◆ **EXERCISE REQUIREMENTS**
A verbatim copy of every record is required, and no pictures should be included.

═════ DATA TO EXAMINE

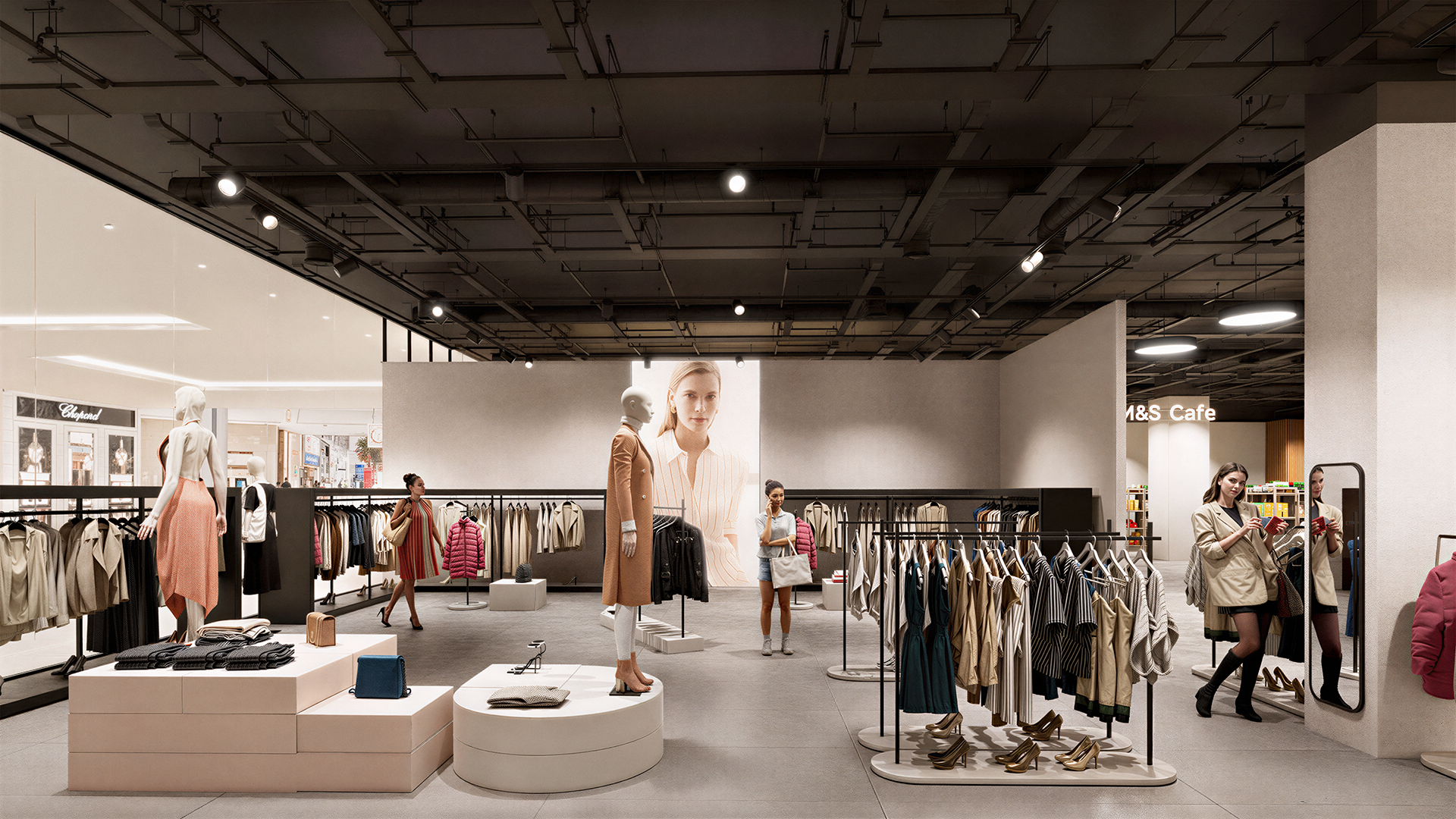 A premium luxury boutique interior fit-out in the UAE, focusing on intimate shopping experiences and refined décor.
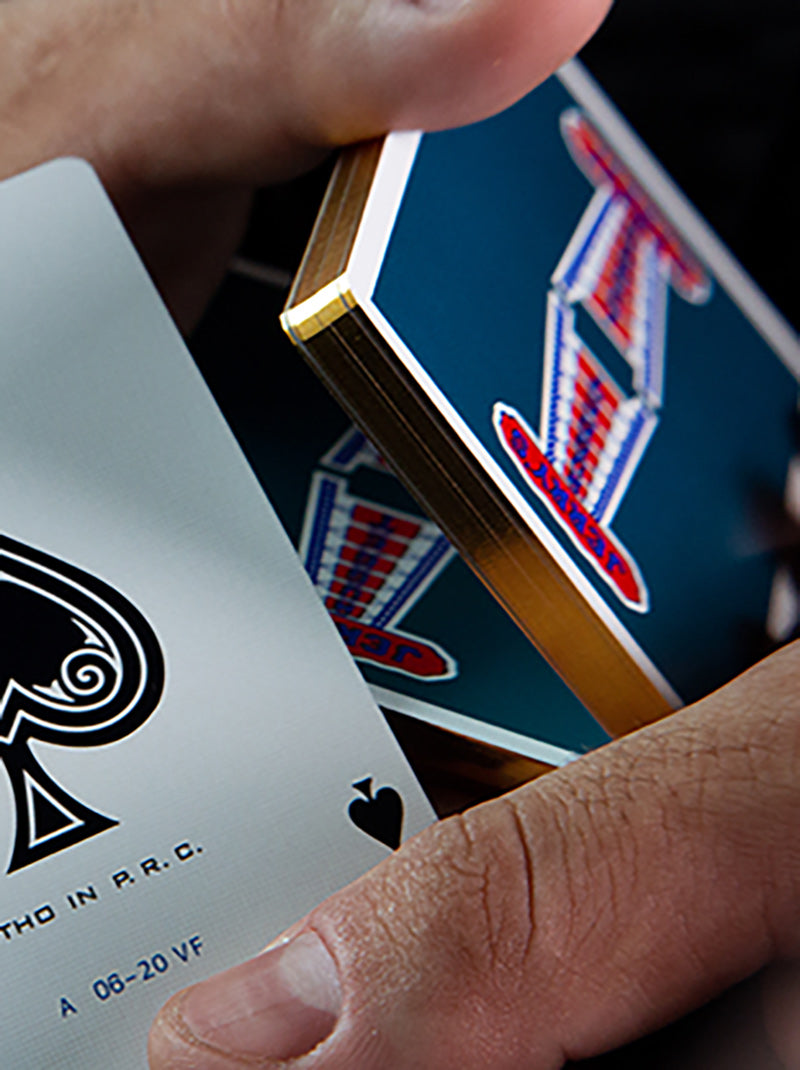 Jerry's Nugget Vintage Aqua (Gold Gilded)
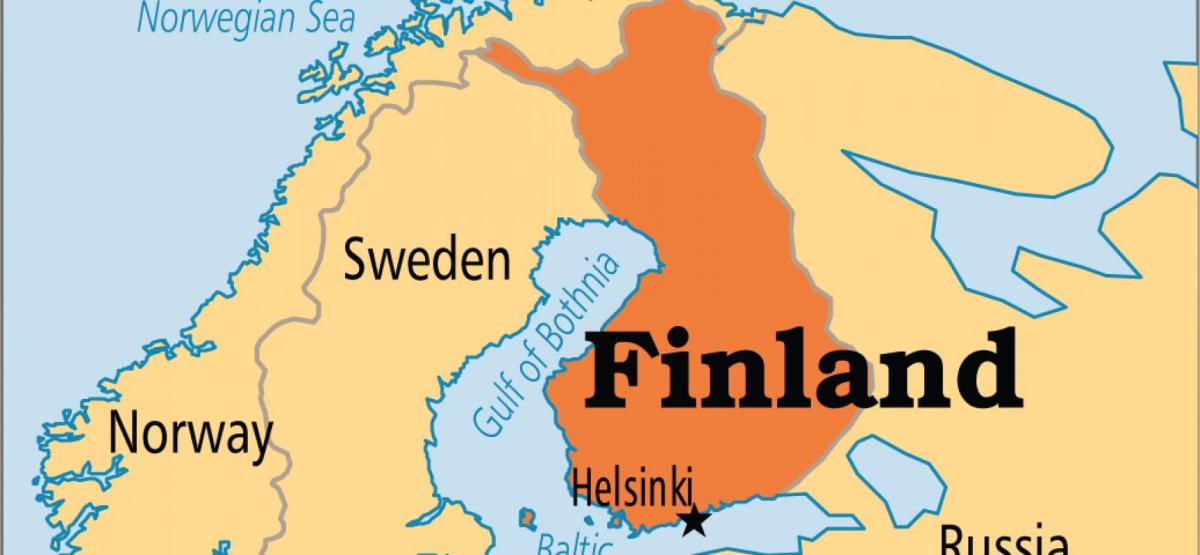מפה של הלסינקי, פינלנד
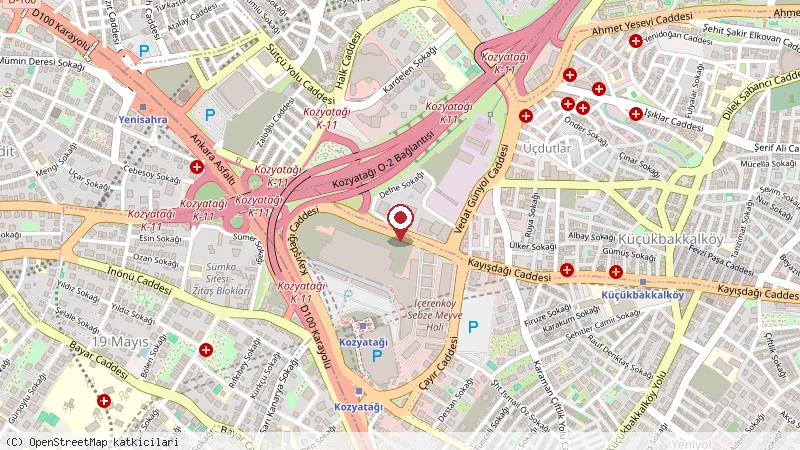 Istanbul Marriott Hotel Asia konumunu gösteren harita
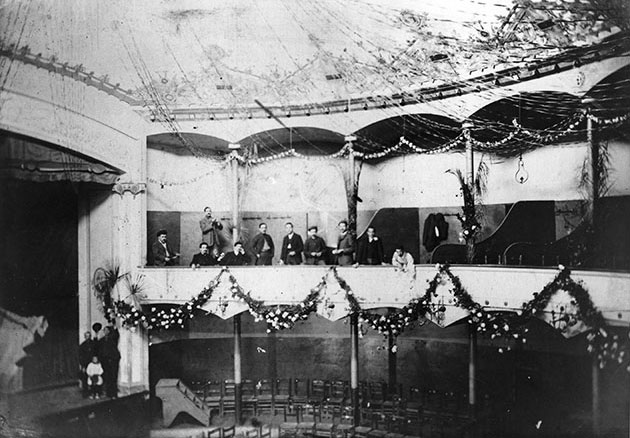 Antics palcos de La Massa Teatre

══════════

◆ **TASK ANSWER**
 A premium luxury boutique interior fit-out in the UAE, focusing on intimate shopping experiences and refined décor.
 Jerry's Nugget Vintage Aqua (Gold Gilded)
מפה של הלסינקי, פינלנד
 Istanbul Marriott Hotel Asia konumunu gösteren harita
 Antics palcos de La Massa Teatre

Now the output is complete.